US-based Innova Vascular, a medical device company, has reached an agreement that it will sell its line of thrombectomy devices post FDA approval to Cardiovascular Systems, Inc.(CSI) for commercialization.

Sanjay Shrivastava, Ph.D., founder and CEO of Innova Vascular based in Irvine, California, who announced the deal Feb. 23, said that his company develops medical devices that enable treatments of cardiovascular diseases in a minimally invasive manner without surgery.

According to Shrivastava, “During the last two decades, interventional devices have brought a paradigm shift in how patients with cardiovascular diseases are treated.  The interventional devices enable doctors to access any part of the body, where the blood flows, using a needle at the groin and using that to thread long catheters to the problem site under image guidance and inserting various tools to treat the underlying disease through them thereby eliminating a need for major open surgery.”
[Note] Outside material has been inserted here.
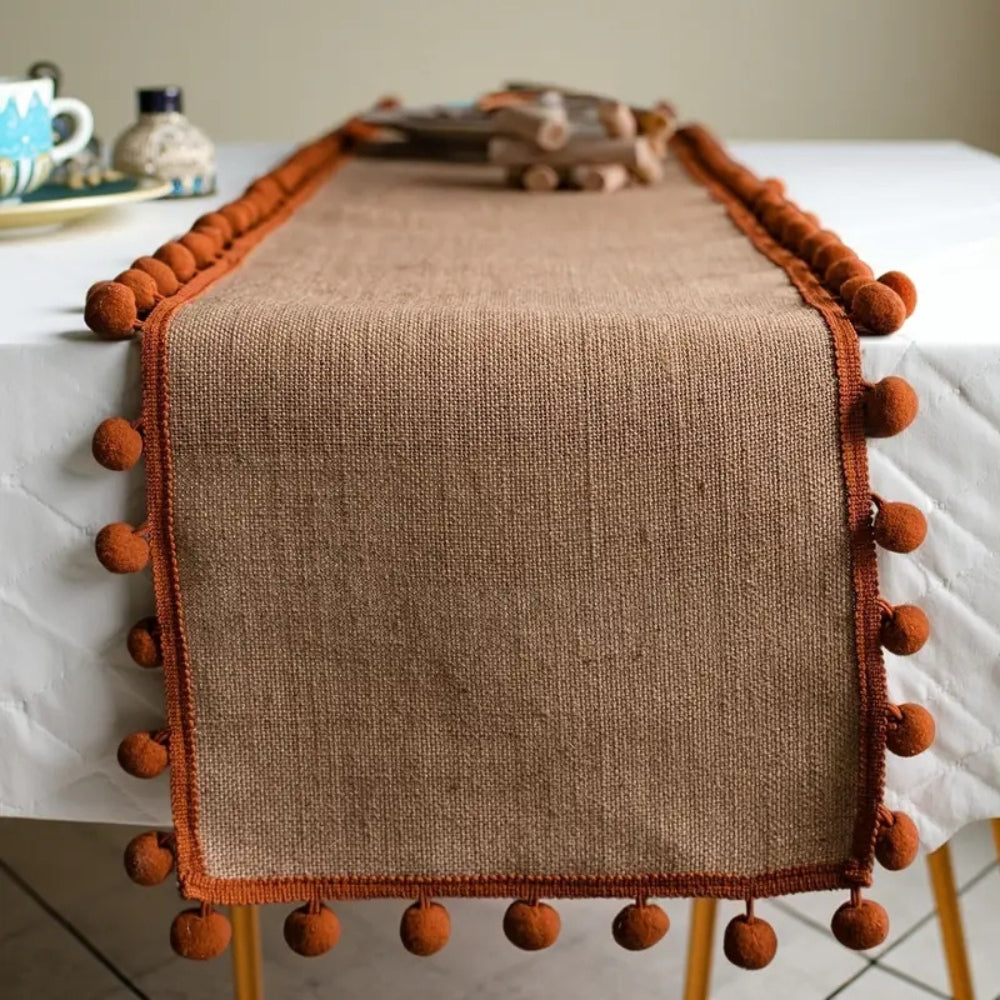 Chemin de table bohème en jute à pompons – 12"x47"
“The easiest way to understand our industry is to think of it as a body plumbing business.  Just like pipes in our homes can get clogged, rupture or burst, arteries and veins in the body have similar issues. Just like tools required for plumbing, we develop tools to fix body plumbing problems.” Shrivastava added.

Shrivastava said, “In my career, I have been fortunate to have developed tools to solve various “body plumbing” problems.  The product that I’m most proud of is a device called Solitaire FR, the development was led by me more than 10 years ago.  Solitaire FR treats acute ischemic stroke by pulling clot all the way from the brain through a needle insertion at the groin”.  Today this device is sold by Medtronic.  Every 3-4 years, I take a medical problem within the cardiovascular space, develop and commercialize a tool to fix it, and once a tool is developed, has regulatory approvals, and is commercialized, I move on to a different part of body.
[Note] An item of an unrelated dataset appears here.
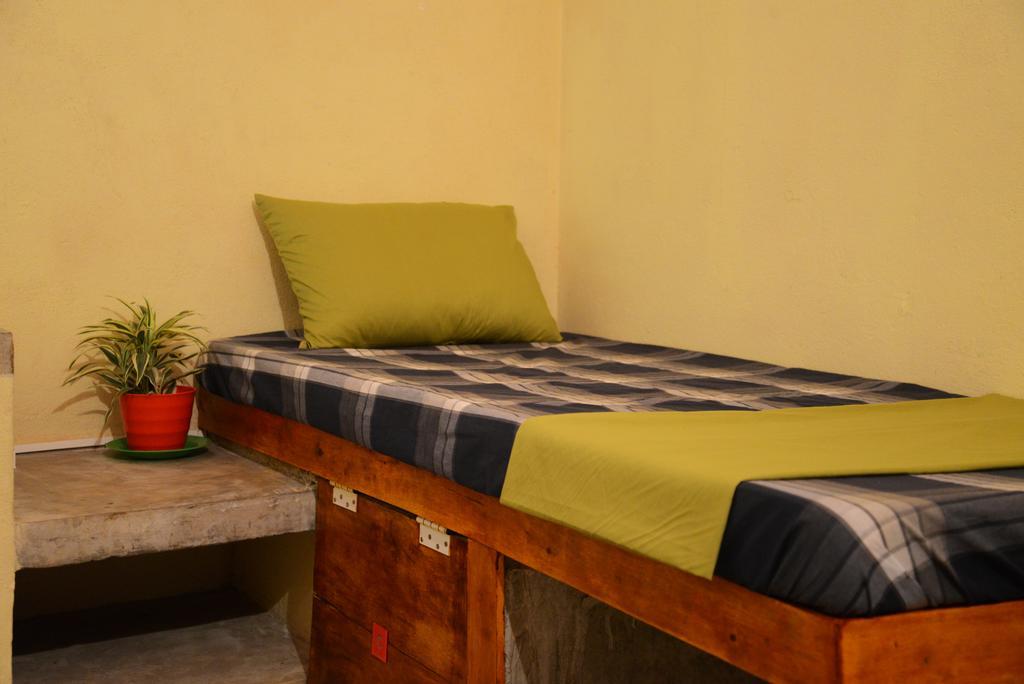 Jungle Beach Hostel Unawatuna Ruang foto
At present, his focus is on building a medical device to remove clots from arteries and veins including those from the lungs for a condition called “pulmonary embolism”.  Pulmonary embolism affects more than 400,000 patients in the US each year resulting in more than 100,000 deaths. This results from a blood clot blocking the pulmonary artery.”

“Our device is intended to remove these clots without doing open surgery using a procedure termed as thrombectomy,” he said, explaining the strategy behind the deal with Cardiovascular Systems Inc, which has leadership in products to remove plaque from arteries in legs and the heart. Our products will be complementary to CSI’s current product portfolio. CSI, which has a commercial presence in adjacent therapeutic areas, intends to acquire and commercialize thrombectomy devices from Innova.
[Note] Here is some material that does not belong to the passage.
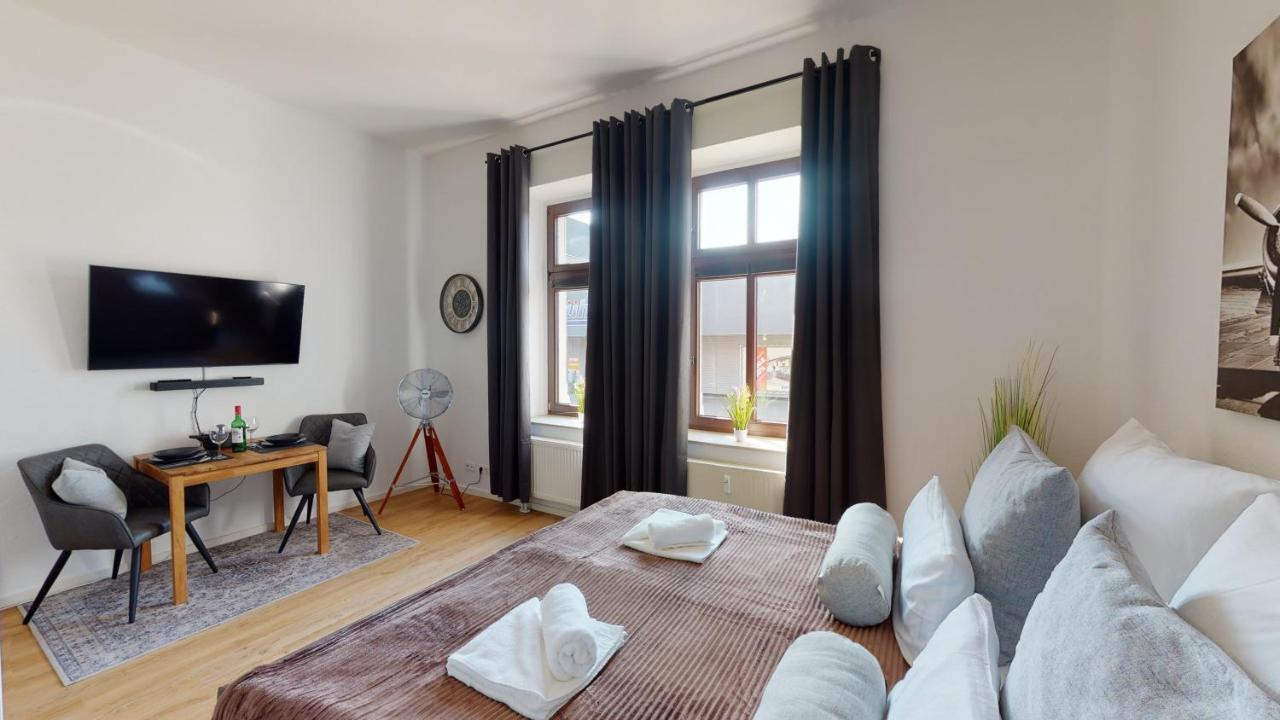 Sweethome - Zentral - Kueche & Parkplatz, Wifi Halle  Εξωτερικό φωτογραφία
Besides being involved in two medical device companies that he founded during the last four years, Shrivastava also serves as an independent director on the board of a publicly-traded medical device company called enVVeno (Nasdaq: NVNO).  Prior to this, he worked at Johnson & Johnson, Medtronic and Abbott in functions including business development, marketing and research and development.

When asked what will be next beyond these thrombectomy products, Shrivastava said, “I am a tool maker. When one problem is solved, I shall move on to making a tool for another problem.”